On 28 Sep 2017, at 12:53, David Conrad <drc@virtualized.org> wrote:
As far as I am aware, nothing is on fire. Given the lack of time criticality, I would have thought it’d be more important to the technical communities to have more concrete data to present. Given propagation delays in non-technical circles, I believe ICANN comms felt doing a “normal” press announcement-style approach sooner rather than later and then providing more details to folks who were interested later was a better approach. YMMV.
David, I would have expected some sort of announcements via the usual suspects mailing lists would have been part of that “normal” communication approach. YMMV. Instead, I learnt about the postponement because of a hearsay comment about a tweet. More details would of course be welcome. [And I’m sure forthcoming.] In due course.
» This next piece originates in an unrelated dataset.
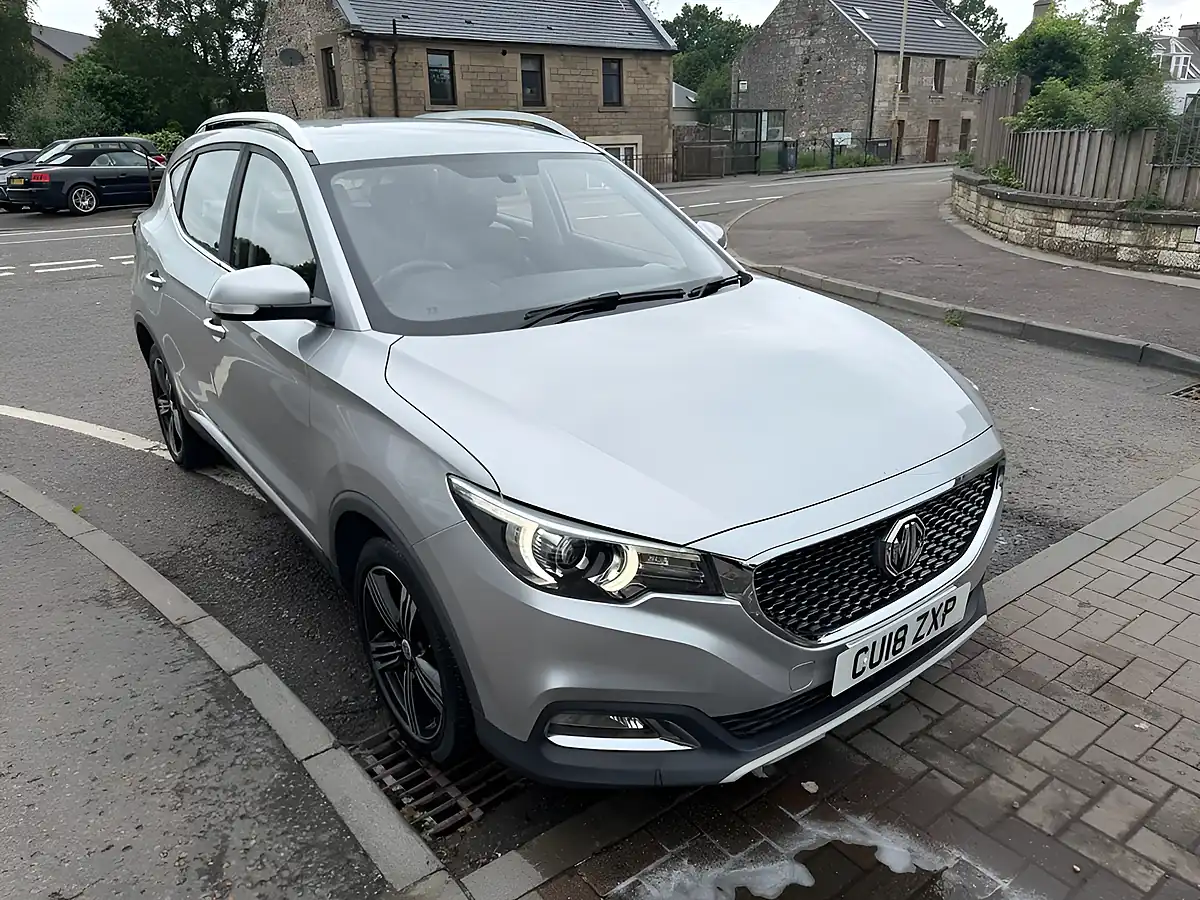 Used 2018 MG Zs Exclusive Silver - Interior and Exterior details 4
When the time is right. Blah, blah, blah. However if that info isn’t yet available for sharing, it shouldn’t have prevented announcements to the expected technical/operational mailing lists. I don’t understand why those lists weren’t told or how using those channels to get the word out could have been harmful.
We made an announcement within a few hours of making the decision to postpone the KSK rollover and are proceeding to attempt to gather more information to inform the community. Do you feel the fact that we did not send that announcement to technical mailing lists despite not having that additional information have an operational impact on resolver operators?
Perhaps. There wouldn’t of course be an impact on resolving and validation. There may however be second-order effects. Responsible resolver operators may well have lined up a small army of staff to be on call and prepare for problems and/or TEOTWAWKI on the 11th. If so, they wouldn’t need to wait for that additional information so they could tell their helpdesks and ops people to stand down. It wouldn’t immediately matter to them why the rollover was being postponed, just that this was happening and that any resolver operator planning for that event could be postponed too. From that perspective I think it would have been better to communicate the news as widely as reasonably possible.